A month later, H and I were shopping at the aforementioned Satan and I saw all the bikes at the store. I mentioned how I could have brought my mother’s home for her and she lit up happily at the idea. We kicked around the idea a bit and the next thing you know, we bought a pair right there, took them home, and rode for the first time in years… in the middle of one of the worst summers in Oklahoma in the last 50 years, in the middle of the day, in the middle of July. We didn’t make it very far!
Anyway, the point of all this is that our bikes were chosen on a whim based on what we thought would work. At the time I wasn’t yet at my heaviest weight, and H was carrying more than now as well. It amazes me that the poor thing could even hold me up without breaking spokes- we got lucky and actually picked one that could hold me without knowing any better.
So the years and the miles began tacking on. The particular bike I had chosen was not assembled with great care, so it had some problems at the start. Never one to be afraid of disassembling things I know nothing about, I wrenched in and did my best to repair everything, with general success. Then I had my first run-in with a texting driver, and I ended up in a ditch with a banged up bike and blood all over me. I managed to make it home and patched my bike and myself up and resumed riding a few days later, only to find that there was actual serious damage to my bike (the crankshaft sheared into 2 pieces), so we had to take it to the nearest LBS (Local Bike Shop), which is 40 miles away and is so busy they need a week or more to fix even small problems.

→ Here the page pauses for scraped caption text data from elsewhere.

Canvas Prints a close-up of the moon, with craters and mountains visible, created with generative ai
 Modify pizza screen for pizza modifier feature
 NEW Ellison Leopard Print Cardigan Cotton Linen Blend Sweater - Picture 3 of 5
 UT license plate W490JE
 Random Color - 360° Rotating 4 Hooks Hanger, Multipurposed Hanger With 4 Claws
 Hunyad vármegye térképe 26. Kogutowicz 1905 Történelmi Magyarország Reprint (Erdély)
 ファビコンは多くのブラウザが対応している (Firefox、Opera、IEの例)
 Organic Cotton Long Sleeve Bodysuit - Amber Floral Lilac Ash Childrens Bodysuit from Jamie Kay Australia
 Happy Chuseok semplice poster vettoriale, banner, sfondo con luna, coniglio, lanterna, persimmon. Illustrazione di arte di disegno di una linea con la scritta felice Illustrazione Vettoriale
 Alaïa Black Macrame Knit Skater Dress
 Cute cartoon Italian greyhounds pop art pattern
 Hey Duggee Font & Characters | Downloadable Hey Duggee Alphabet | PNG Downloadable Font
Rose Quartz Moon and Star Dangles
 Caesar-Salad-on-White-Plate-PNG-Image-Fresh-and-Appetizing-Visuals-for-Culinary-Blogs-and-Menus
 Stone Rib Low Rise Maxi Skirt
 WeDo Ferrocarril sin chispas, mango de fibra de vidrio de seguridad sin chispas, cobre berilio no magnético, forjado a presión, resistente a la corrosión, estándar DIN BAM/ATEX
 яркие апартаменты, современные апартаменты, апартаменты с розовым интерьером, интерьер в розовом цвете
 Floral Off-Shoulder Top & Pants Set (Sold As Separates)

Over the course of the 3 years I’ve had my Blue Bomber, I’ve had 3 accidents (2 due to texting drivers, 1 due to malfunction) but none have been especially serious after the first. The bike has held up well, but I can tell the miles and the strain of carrying 470lbs, then 400lbs, now 365lbs on a bike designed to carry no more than 300 or so is adding up. I intend to ride it until the frame starts to split, but here’s where the wrinkle comes in…
…my birthday is coming and H wants to do something nice for me.
She wants to get me a new bike so I have two in case one goes out of action for a while, and so I have a fancier, shinier one than my Blue Bomber.
I’m more than a little freaked out at entering an actual bike shop to buy a new one, especially one run by a pro rider, when I have heard and read so many horror stories about people being told to leave and “come back when you weigh 200lbs.” She has a contact who we’ve been assured is wonderful and kind and won’t do that at all, but I still freak a bit a the thought of being told “Nope, sorry mate, you’re just too damn fat. We don’t have anything that can hold you.” (Having to drive an hour and a half to Oklahoma City to be told that, then coming home empty handed, would be further sauce for the goose.)
So, we will see how that plays out- we might go up today, or perhaps Monday. More to come on that front.
So there’s part 1 of the bicycle chapter. Part 2 and the birthday chapter will come soon.